TypeError
TypeError: input must be string or list
Stack trace
Traceback (most recent call last):
File "main.py", line 42, in <module>
response = client.responses.create(
File "openai/resources/responses.py", line 156, in create
raise TypeError('input must be string or list')
TypeError: input must be string or list Why it happens
The Responses API is designed for streaming request/response workflows where the input field directly maps to the LLM's raw prompt text. It expects string (single prompt) or list (multiple turns/variants), not complex objects. Passing a dict, JSON object, or other type bypasses the API's type guards because the SDK validates input types before sending to OpenAI's servers.
Detection
Add type assertion before calling client.responses.create(): assert isinstance(input_value, (str, list)), f'input must be string or list, got {type(input_value).__name__}'. Log the input value and its type in error handlers to catch misconfigurations during development.
Causes & fixes
Passing a dict/JSON object instead of a string prompt
Convert the dict to a JSON string using json.dumps() or extract the text field: input=json.dumps(your_dict) or input=your_dict.get('text', '')
Passing a NumPy array, Pandas Series, or custom object type
Convert to native Python list or string: input=list(your_array) or input=str(your_object)
Passing None or other null-like value
Provide a default fallback: input=input_value or 'default prompt' before the API call
Nested list structure (list of dicts) when API expects list of strings
Flatten to list of strings: input=[item['text'] if isinstance(item, dict) else str(item) for item in your_list]
Code: broken vs fixed
import os
from openai import OpenAI
client = OpenAI(api_key=os.environ.get('OPENAI_API_KEY'))
# BAD: Passing a dict instead of string
user_data = {'text': 'What is AI?', 'language': 'en'}
response = client.responses.create(
model='gpt-4o-mini',
input=user_data, # TypeError: input must be string or list
)
print(response) import os
from openai import OpenAI
client = OpenAI(api_key=os.environ.get('OPENAI_API_KEY'))

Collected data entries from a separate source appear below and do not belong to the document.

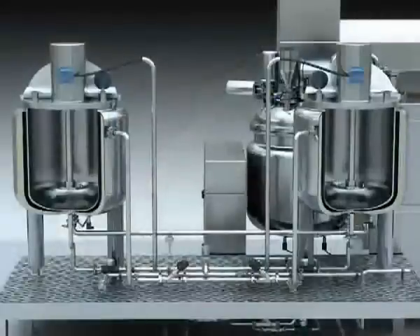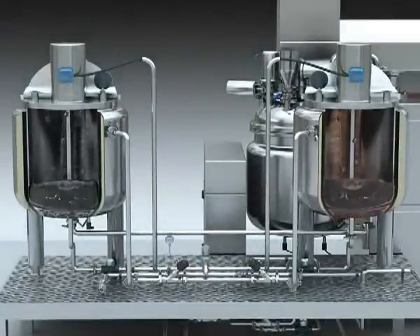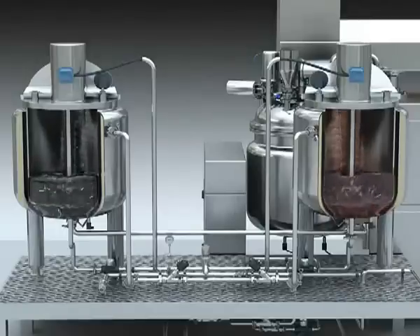After opening the half open lid, the material must be loaded into the oil and water tank, and then it will start to mix.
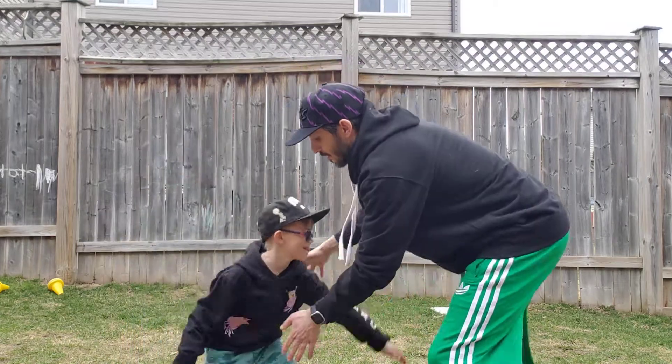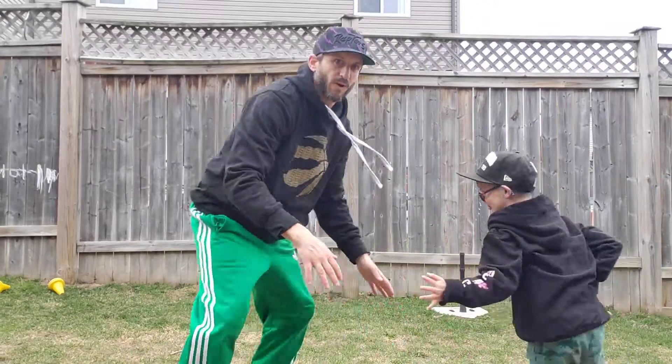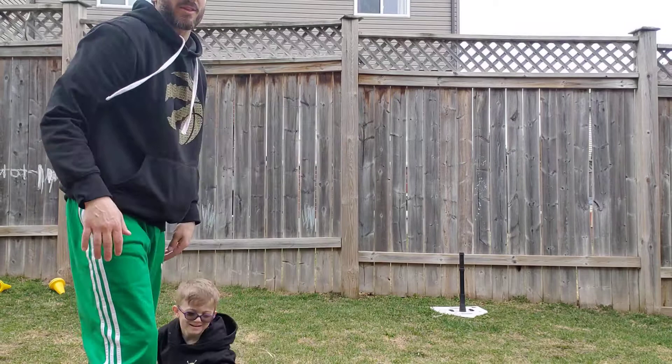Ready, Finn? Go. One for me. I'm blocking him. Two for me. One for him. Two. He got me the third time.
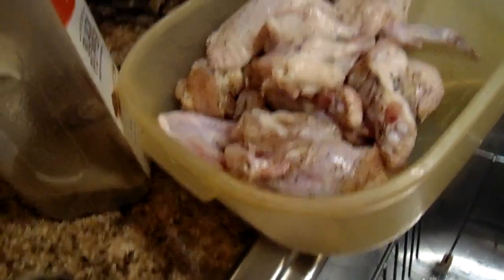I'm gonna sear it first — cook it in a pan on the stove. Let me get it heating up. Okay, we're gonna start putting it in the frying pan. I put about four tablespoons of oil in here.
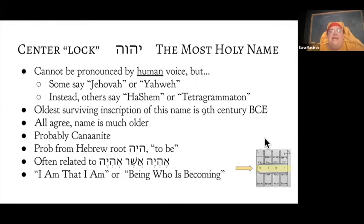The center lock in the pentacle is the most holy name — this name cannot be pronounced by the human voice. Some people say Jehovah or Yahweh, but personally I believe both of those pronunciations to be weird and appropriative. You are not supposed to say this name out loud. It really does bother me when people use those pronunciations. People do a lot of terrible things to Jewish gods, but as long as you're not a Nazi, I get over it. It would be better if we didn't try to say that name.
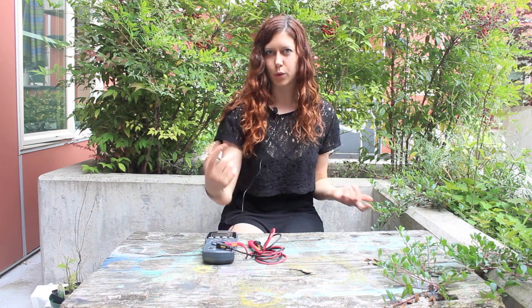So first of all, to really quickly cover what is a multimeter — it's basically just a handy little device like this one here that has a bunch of different types of electrical meters inside of it. So, multimeter. Pretty straightforward.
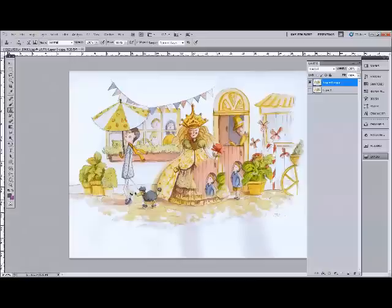So that's how I scan watercolours — I hope that makes your life a bit easier. If you like the video and you're watching it on YouTube, please click Like. Thank you.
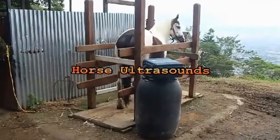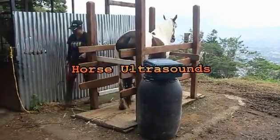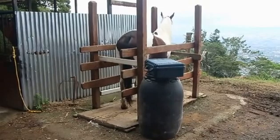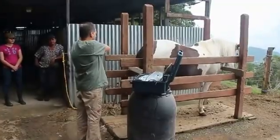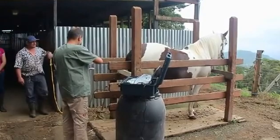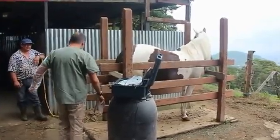Welcome to my next video in this series. Today we're going to do ultrasounds on five of our mares. Here we have Princess, lined up, and the veterinarian has already put his suitcase there and is ready to start. We use a veterinarian who is also a professor at the University of Costa Rica, so he normally arrives with a carload full of students so they can learn something.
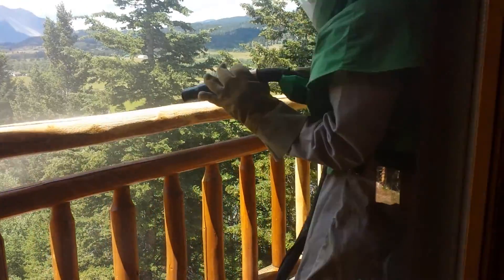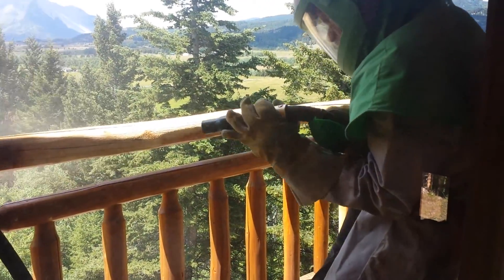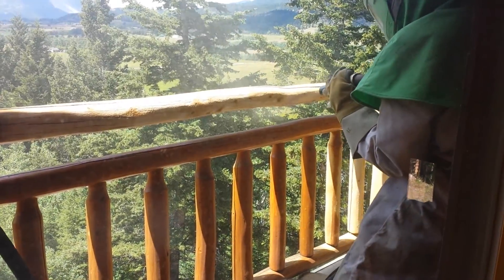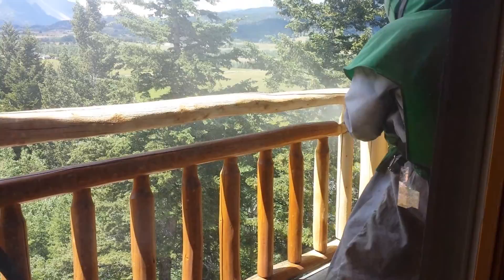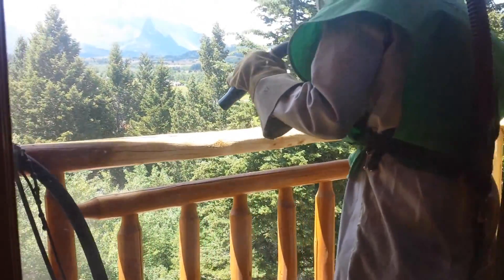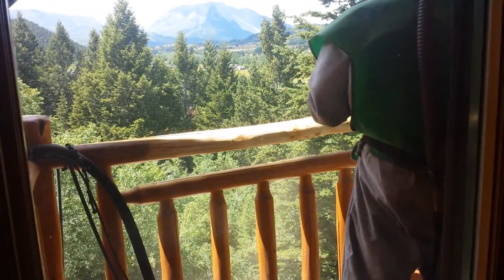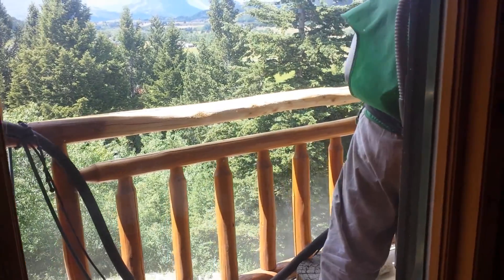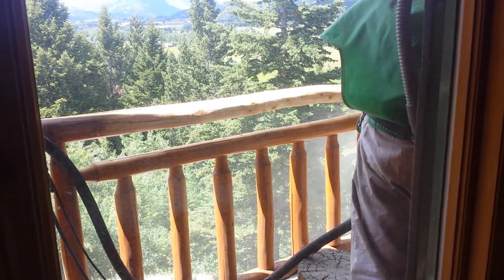In this video you'll see our blaster here Patrick cleaning up these hand railings. He's working side to side with the grain of the wood, removing the old stain and all the darkened wood rot from the sun — and what typically starts to happen when the wood is unprotected.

# FIXED: Extract string from dict or convert to string
user_data = {'text': 'What is AI?', 'language': 'en'}
input_value = user_data.get('text') if isinstance(user_data, dict) else user_data # Extract text field
response = client.responses.create(
model='gpt-4o-mini',
input=input_value, # Now passes string
)
print(f'Response received: {response.id}') Workaround
If you must keep the dict structure, serialize it before API call: import json; input_str = json.dumps(user_data); response = client.responses.create(model='gpt-4o-mini', input=input_str). Parse the response and extract the relevant text field from the LLM output.
Prevention
Define a type-safe input preprocessor function that validates and normalizes input before API calls. Use Python type hints with TypedDict to enforce input shape at development time: from typing import Union; def prepare_input(data: Union[str, list, dict]) -> str: return data if isinstance(data, str) else (json.dumps(data) if isinstance(data, dict) else str(data)). Always run type checkers (mypy, pyright) in CI/CD to catch type mismatches before deployment.